24 novembre 2011 - Forlì, Cesena, Cronaca, Politica

Thomas Casadei (PD): "gli immigrati sono una risorsa!"

In questi giorni è balzato al centro del dibattito il tema della riforma del diritto di cittadinanza: questo anche grazie alla campagna "L'Italia sono anch'io, che chiede l'introduzione in Italia dello ius soli temperato, la cittadinanza agli stranieri nati in Italia, e il riconoscimento del  diritto di voto per le elezioni amministrative ai cittadini migranti che lavorano regolarmente e sono presenti da cinque anni in Italia.

”Nei giorni scorsi anche il presidente della Repubblica Giorgio Napolitano è intervenuto nel dibattito – ribadisce Thomas Casadei consigliere regionale del PD - per ribadire dall'alto della sua carica l'assurdità di una legge che non riconosce come cittadini bambini e ragazzi nati in Italia, che nel nostro paese hanno vissuto tutta la propria vita,  e che qui hanno le proprie radici e i propri affetti”.
Secondo il consigliere il fenomeno dell’immigrazione si è evoluto in qualcosa di positivo per il nostro paese, in una risorsa.
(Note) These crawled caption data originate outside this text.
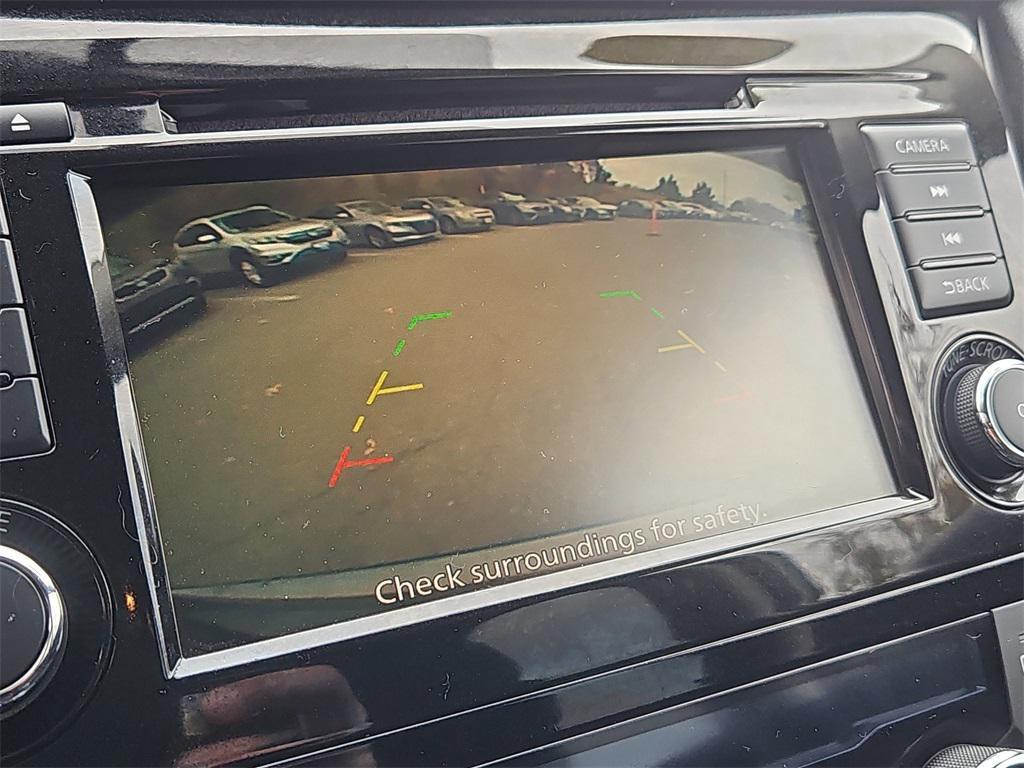 used 2018 Nissan Rogue car, priced at $15,987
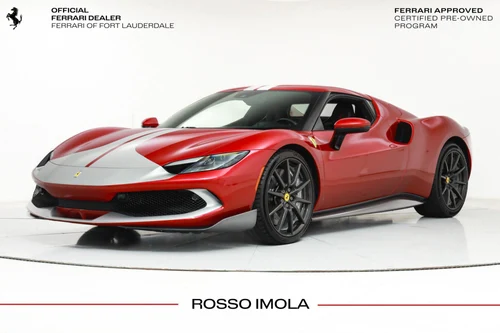 
           
        2023 Ferrari 296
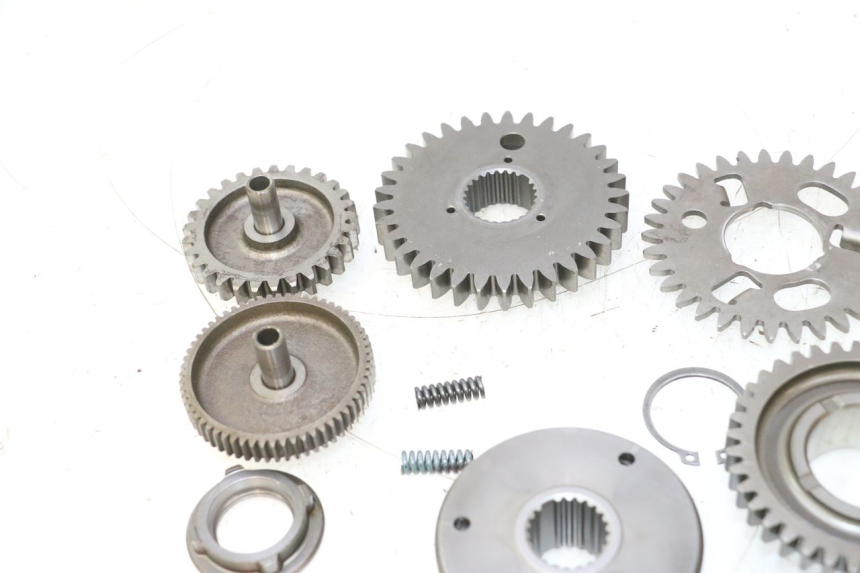 photo de ROUE LIBRE DEMARREUR HONDA VFR FI RC46 800 (1998 - 2001) - Vue d’ensemble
”Gli immigrati rappresentano ormai una componente fondamentale della nostra economia, e della nostra società. Secondo le stime dell'Istituto Tagliacarne sono sempre di più i settori per i quali l'apporto degli stranieri è fondamentale, e che senza di essi crollerebbero verticalmente: nel 2009 il contributo degli stranieri al valore aggiunto prodotto in Italia è stato di oltre 165 miliardi di euro, pari al 12,1% del totale”.
Secondo i dati diffusi i contributi versati da cittadini immigrati ammontano a sette miliardi e mezzo di euro, pari al  4% delle entrate INPS. “Soldi che servono a pagare le pensioni di un popolo sempre più vecchio come quello italiano, e che non torneranno nelle tasche di quei tanti stranieri che dopo anni di lavoro tornano nei propri paesi di origine lasciandoci in dote miliardi di contributi”, precisa Casadei.

 

Chiara a questo punto la presa di posizione del consigliere regionale, che replica a quanti sostengono che l’immigrazione “bruci” risorse dei cittadini italiani: “Come documenta il recente libro di Walter Passerini e di Ignazio Marino "Senza pensioni" (Chiarelettere) gli stranieri oggi stanno supportando in maniera determinante il nostro sistema di welfare che si regge sempre con maggiore fatica. A chi sui giornali continua a ripetere triti, e francamente tristi, luoghi comuni smentiti da ogni ricerca e dall'evidenza dell'attualità secondo i quali gli stranieri rappresenterebbero una classe di parassiti che vivono alle nostre spalle chiediamo solo di aprire gli occhi e, cambiando radicalmente atteggiamento, di provare a costruire il futuro delel nostre società, abolendo la chiacchiera qualunquista e generatrice di assurdi rancori e dare forza ai legami di cittadinanza e di condivisione, come avviene - su quest'ultimo versante - in tutte le scuole del nostro territorio”.